La piramide distingue bisogni di base e bisogni avanzati.

È necessario soddisfare le esigenze di base prima di procedere a soddisfare le esigenze di livello superiore. 

Una volta che i bisogni fisiologici, di sicurezza, appartenenza e stima sono stati ragionevolmente soddisfatti, si può essere in grado di raggiungere il livello più alto chiamato auto-realizzazione.

Ogni persona è capace e ha il desiderio di avanzare verso il livello di auto-realizzazione. Sfortunatamente, i progressi sono spesso interrotti dal mancato rispetto delle esigenze di livello inferiore.

Le esperienze di vita tra cui un periodo di emergenza globale che comporta restrizioni alla libertà, la perdita del lavoro, l’incrinarsi dei rapporti personali, possono far fluttuare un individuo tra i livelli della gerarchia.

Se non abbiamo soddisfatto i bisogni di un livello più vicino alla base della piramide, non riusciremo a motivare noi stessi abbastanza per inseguire i bisogni vicini alla punta della piramide. 

Il che non significa che non proviamo anche i bisogni più alti, che saranno anch’essi lì a spingere per essere soddisfatti, ma la motivazione necessaria per soddisfarli ci mancherà, perché è concentrata sui bisogni primari.

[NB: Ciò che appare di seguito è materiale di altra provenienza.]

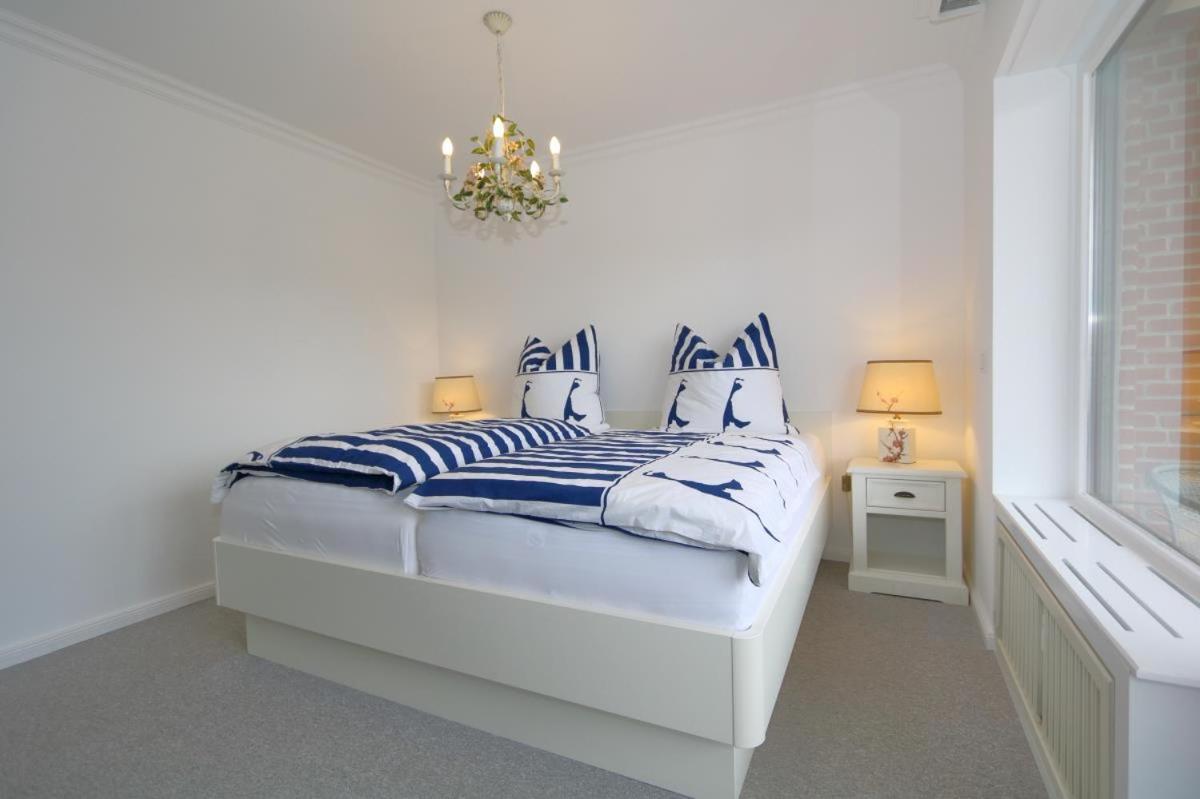 Störtebeker 17 - B&B Westerland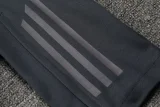 24-25 RMA Dark gray Half Pull Tracksuit (半拉链)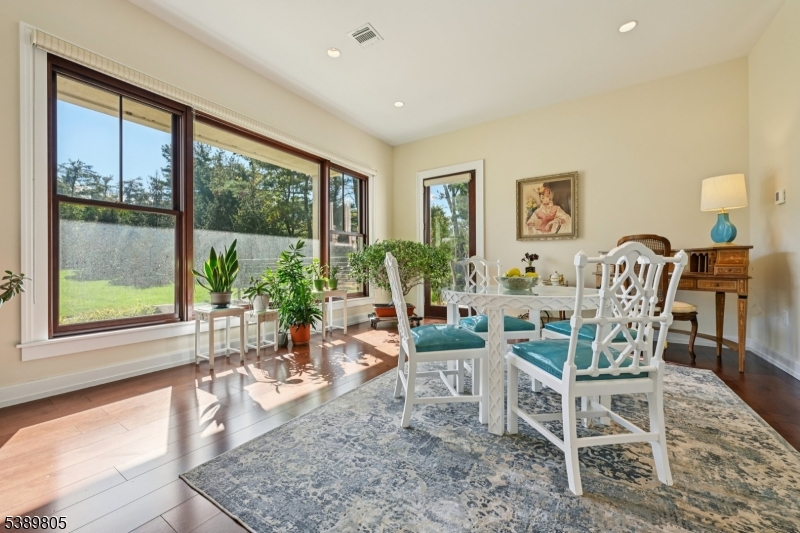 Deerfield - Residential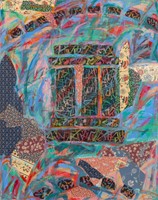 Feld, Cecelia, A Monumental Undertaking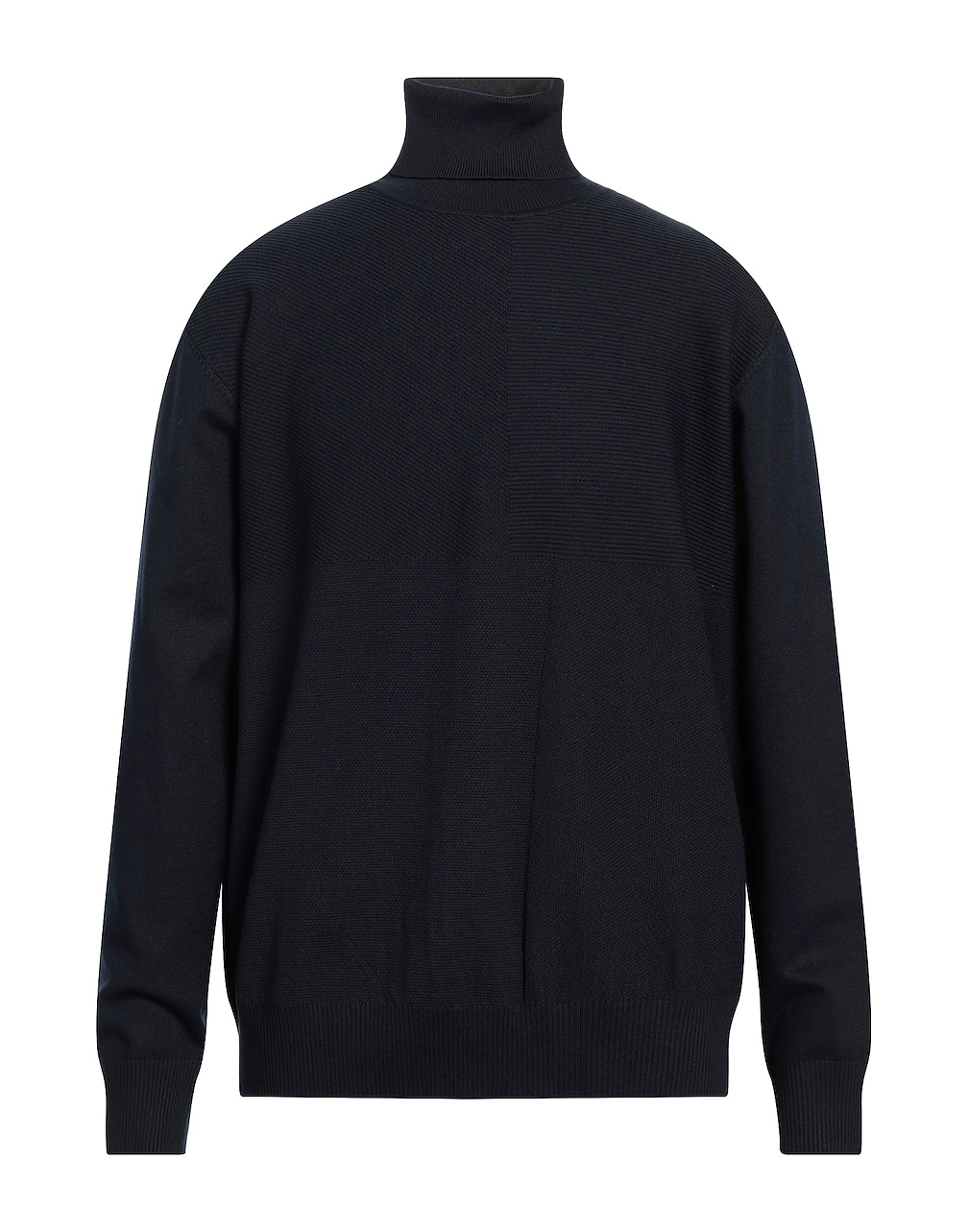 CLOSE-UP - Rollkragenpullover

La piramide di Maslow include (dalla base della piramide alla punta): 

  • bisogni più vicini al nostro istinto di sopravvivenza che includono il bisogno di cibo, acqua, sonno, vestiti, sesso, equilibrio psicofisico e riparo. La necessità che il corpo lavori all’unisono per realizzare il compito della sopravvivenza di base. Una parte del cervello umano, chiamato ipotalamo, svolge un ruolo importante nel mantenere il corpo regolato controllando il termostato del corpo, che è controllato dal rilascio di diversi ormoni chiamati gonadotropina;
  • il bisogno di sicurezza riguarda una necessità più psicologica. Le esigenze di sicurezza possono essere diverse per ogni individuo, a seconda del momento di vita. Spesso, per gli adulti, questa esigenza può essere di natura economica, come ad esempio in seguito alla perdita del lavoro. In momenti di emergenza globale, ci blocchiamo a questo livello di necessità. La paura può ostacolare la capacità di passare ai bisogni più avanzati della piramide;
  • la dimensione sociale riguarda la necessità di essere importanti per qualcuno, di dare e avere amore dal gruppo di lavoro, dalla famiglia, dagli amici, dalla relazione sentimentale;
  • i bisogni legati alla nostra autostima includono il bisogno di essere riconosciuti per le nostre qualità, stimati dal prossimo, valorizzati per i nostri sforzi, rispettati per quel che siamo, essere indipendenti, raggiungere un certo status e prestigio; 
  • una volta soddisfatti tutti i bisogni inferiori, l’essere umano trova la giusta motivazione per andare oltre. Emerge a questo punto il bisogno di sviluppare ed affinare i nostri talenti e di realizzare obiettivi di vita importanti. Spesso, a questo livello, l’individuo si dedica all’altruismo, alla comunione col mondo e alla propria crescita nella dimensione spirituale.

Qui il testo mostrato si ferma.